Your answer should consist only of the records, copied exactly, with the images removed.

- Opening Delimiter -

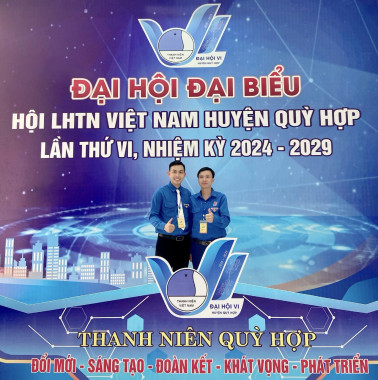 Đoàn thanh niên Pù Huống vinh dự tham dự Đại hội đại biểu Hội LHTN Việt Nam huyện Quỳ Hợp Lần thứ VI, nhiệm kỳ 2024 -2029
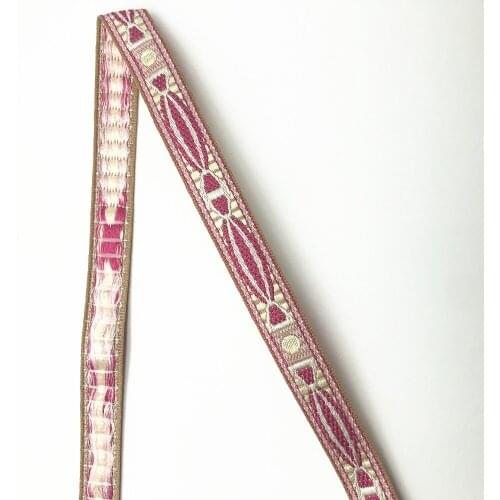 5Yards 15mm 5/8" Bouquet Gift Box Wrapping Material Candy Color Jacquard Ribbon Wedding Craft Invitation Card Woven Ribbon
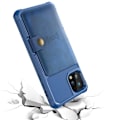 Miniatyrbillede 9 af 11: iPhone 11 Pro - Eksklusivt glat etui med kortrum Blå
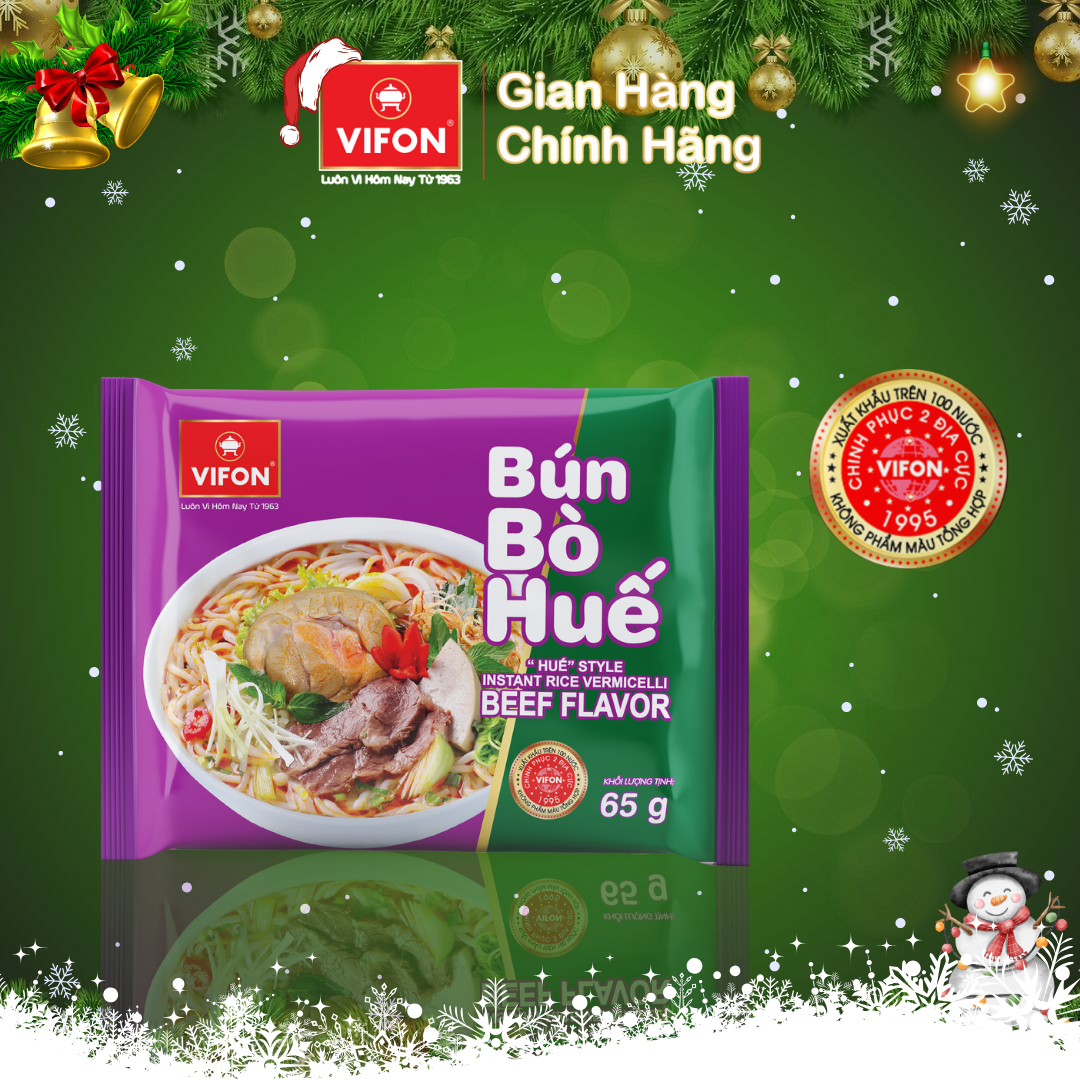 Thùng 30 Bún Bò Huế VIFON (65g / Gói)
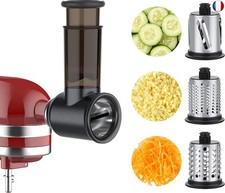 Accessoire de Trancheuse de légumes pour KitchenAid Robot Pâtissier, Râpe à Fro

- Closing Delimiter -

RESPONSE BOX:
 Đoàn thanh niên Pù Huống vinh dự tham dự Đại hội đại biểu Hội LHTN Việt Nam huyện Quỳ Hợp Lần thứ VI, nhiệm kỳ 2024 -2029
 5Yards 15mm 5/8" Bouquet Gift Box Wrapping Material Candy Color Jacquard Ribbon Wedding Craft Invitation Card Woven Ribbon
 Miniatyrbillede 9 af 11: iPhone 11 Pro - Eksklusivt glat etui med kortrum Blå
 Thùng 30 Bún Bò Huế VIFON (65g / Gói)
 Accessoire de Trancheuse de légumes pour KitchenAid Robot Pâtissier, Râpe à Fro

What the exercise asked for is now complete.